Before she could try again to climb around the load, another dog leaped up, getting its front legs over the side. It sank its teeth into the canvas to help pull itself up. Its back legs scrambled, trying to get purchase on something so that it could climb into the wagon. She kicked at the dog’s head. It let go of the canvas and snapped at her, trying to catch her foot even as it tried to clamber up into the wagon, but it fell off.
Another big hound jumped up on the other side, almost making it in. A third leaped up beside it.
Kahlan kicked at the dogs, knocking one after another off the sideboards of the wagon. As soon as she kicked one off, another to the back or side bounded up and hooked its front legs over the edge. Their eyes glowed red with vicious intent.
The wagon wasn’t going fast enough to get away from the pack, but it was going fast enough to keep her off balance as it rocked and bucked. When the wagon bounced on a rock, her kick missed and she had to urgently kick again to keep a dog out.
Kahlan looked back into the distance. It was dark, but there was enough moonlight that she would have been able to see the plateau with the People’s Palace atop it if it had been anywhere near. Even if it was too far in the distance to see the plateau in the moonlight, she would have been able to see the lights of the city palace atop it, but it wasn’t there.
She didn’t know what direction they were headed, but she knew that she was somewhere out on the vast Azrith Plain.
Even as she fought off the wild pack of dogs, Kahlan knew that she was losing the battle.

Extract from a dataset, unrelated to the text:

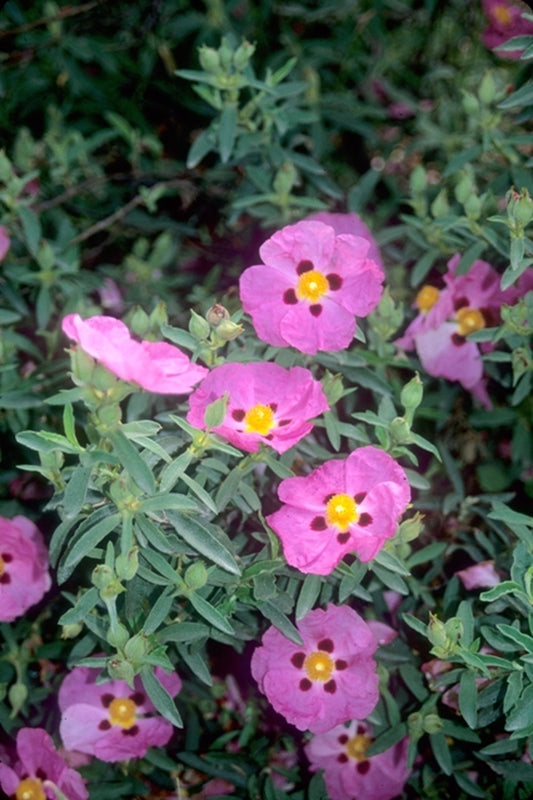 Image of Cistus x purpureus|Juniper Level Botanic Gdn, NC|JLBG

As she kicked one off, two more would jump up and get their front legs hooked over the side. With some she was able to dislodge their legs. With others, when they got too far in, she had to kick at their heads to knock them off.
But she knew that she was losing. With the dogs continually making running jumps at the wagon, she knew that it was only a matter of time until they made it up and in. Once that happened, they would take her down.

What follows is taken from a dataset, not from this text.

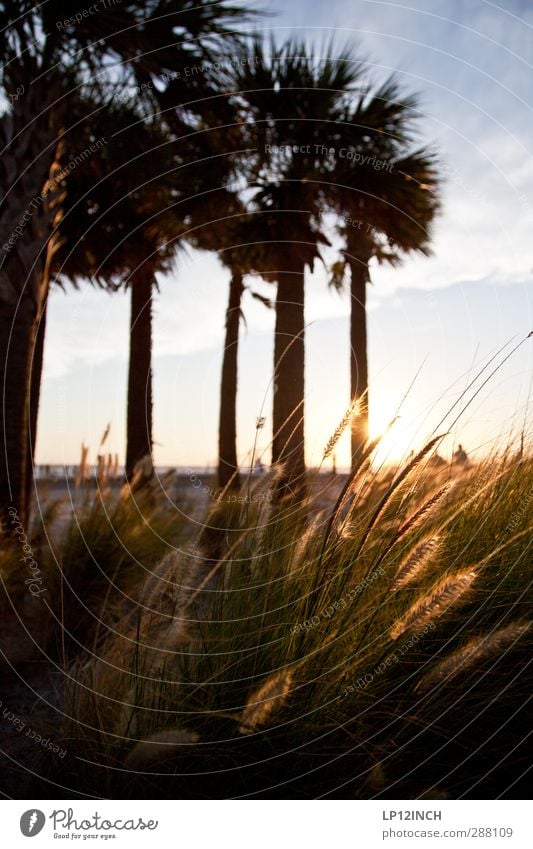 Clearwater Beach. XXXXII Ferien & Urlaub & Reisen Tourismus Ausflug Sommerurlaub Mensch Umwelt Natur Landschaft Pflanze Tier Baum Palme Küste Strand Meer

Kahlan felt a sudden pang of pain for how much she missed Richard. He would’t know what had happened. He wouldn’t know where she was. He would never know what had happened to her.
She had a vision of her own corpse, looking like Queen Catherine after she had been ripped apart by animals. Kahlan swallowed back the grief of never being able to see Richard again. She hoped he never found her body. She didn’t want him to find her like that.

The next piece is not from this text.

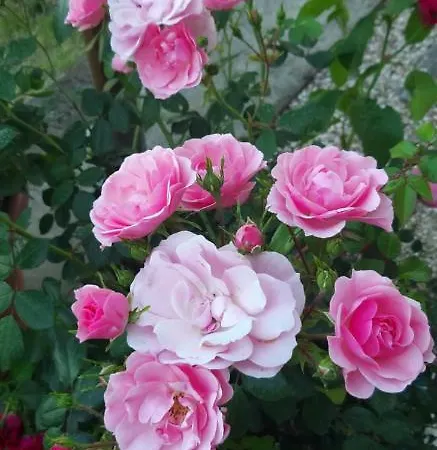 Nocleg ze śniadaniem Le Terrazze 3*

She spun and kicked the ribs of a dog that had clawed itself halfway into the wagon. As it yelped and fell back, she caught sight of a horse at the end of a long rope tied to the side of the wagon. It was trailing far behind, off in the darkness, staying out to the side as far as it could to keep away from the dogs.
Kahlan had no time to consider. It was her only hope to get help or get away. She snatched up her pack and then kicked a dog off the sideboards near the rope. As she leaned over to grab hold of the rope, a dog lunged out of the darkness, snapping, trying to grab her arm. She pulled back in the nick of time and its teeth caught only air. As the dog fell and rolled after missing her, she quickly bent and seized the rope.
The horse, frightened by the savage dogs, snorted and resisted Kahlan’s efforts to bring it in closer. She put a boot against the sideboard and put her weight into pulling harder. Finally, she managed to drag the skittish animal in a bit closer. It danced and darted, trying to stay away.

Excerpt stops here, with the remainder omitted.